The Long Tomorrow

Home > Science > The Long Tomorrow > Page 22
The Long Tomorrow Page 22

by Leigh Douglass Brackett


  And he told her over and over how she wouldn’t like it, describing this and that about the great, quiet, sleeping country and the people and the life that was lived there. Over and over, trying to make her understand, until he got so homesick he would have to stop, and she would turn away to hide the satisfaction in her eyes.

  Besides, that was crazy talk about a way out of the canyon. There wasn’t any way. The cliffs were too steep to climb, the narrow gorge of the stream bed was too broken and treacherous with falls and rockslides, and beyond them was only more of the same. The site had been carefully picked, and it had not changed in a century. The eyes of Bartorstown watched, the ears listened, and the hidden death was always ready in that winding lower pass. There was a personal matter, too. Len knew, without having to be told, without having to see any overt signs of it, that every move he made was noted carefully by somebody and reported on to Sherman. The problem of finding Bartorstown would be easy compared with that of getting away from it again. And yet she sounded so sure, as if she had a way all planned. It kept nagging at him, wondering what it could be—just for curiosity. But he didn’t ask her, and she didn’t tell him, nor even hint at it again.

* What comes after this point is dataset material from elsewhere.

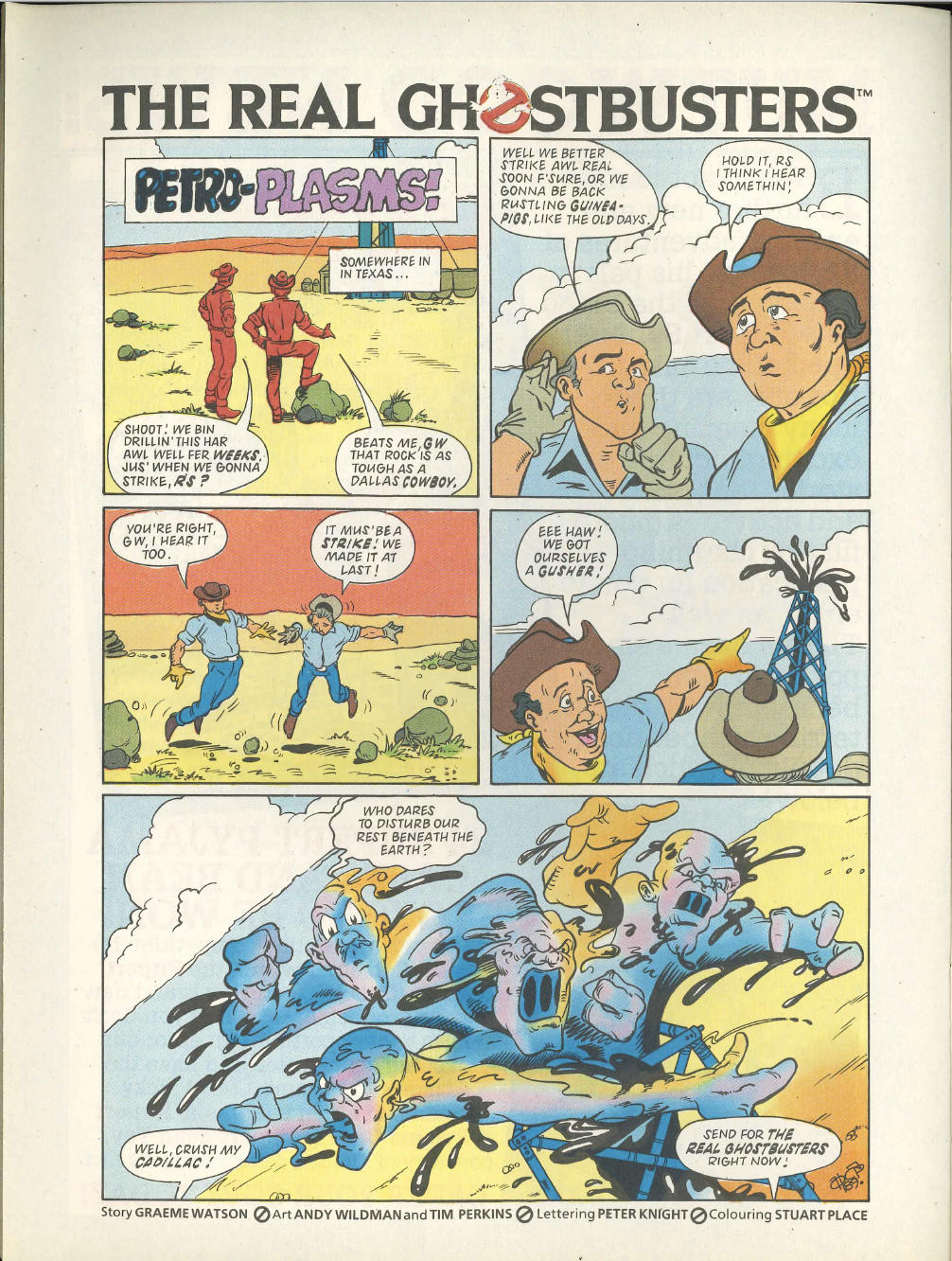 Read online The Real Ghostbusters comic -  Issue #191 - 24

  For everybody it was a dull and ingrown time, a time for peering too closely at your neighbors and getting too concerned with what they did, and talking about it too much. Before Christmas the whispers had started about Gutierrez. Poor Julio, he sure took that last disappointment hard. Well, his life’s work—you know. Oh sure, but everybody gets disappointed, and they don’t take to drink like that, couldn’t he pull himself together and try again? I suppose a man gets tired, loses heart. After all, a lifetime—Did you hear they found him passed out in a drift by Sawyer’s back fence, and it’s a wonder he didn’t freeze to death? His poor wife, it’s her I feel sorry for, not him. A man his age ought to know this life isn’t all cakes and roses for anybody. I hear he’s hounding poor Frank Erdmann nearly out to his mind. I hear—

  I hear. Everybody heard, and nearly everybody talked. They talked about other people and other things, of course, but Gutierrez was the winter’s sensation and sooner or later any conversation got around to him. Len saw him a few times. Some of those times he was obviously drunk, an aging man staggering with stiff dignity down a snowy lane, his face dark with an inner darkness above the neat white beard. At other times he seemed to be less drunken than dreaming, as though his mind had wandered off along some shadowy byway in search of a lost hope. Len saw him only once to speak to, and then it was only Len who spoke. Gutierrez nodded and passed on, his eyes perfectly blank of recognition. At night there was nearly always a lamp burning in a certain room in Gutierrez’ house, and Gutierrez sat beside it at a table covered with papers, and he would work at them and drink from a handy jug, work and drink, until he fell asleep and his wife came and helped him to the bed. People who happened to be passing by at night could see this through the window, and Len knew that it was true because he, too, had seen it; Gutierrez working at a vast tangle of papers, very patient, very intent, with the big jug at his elbow.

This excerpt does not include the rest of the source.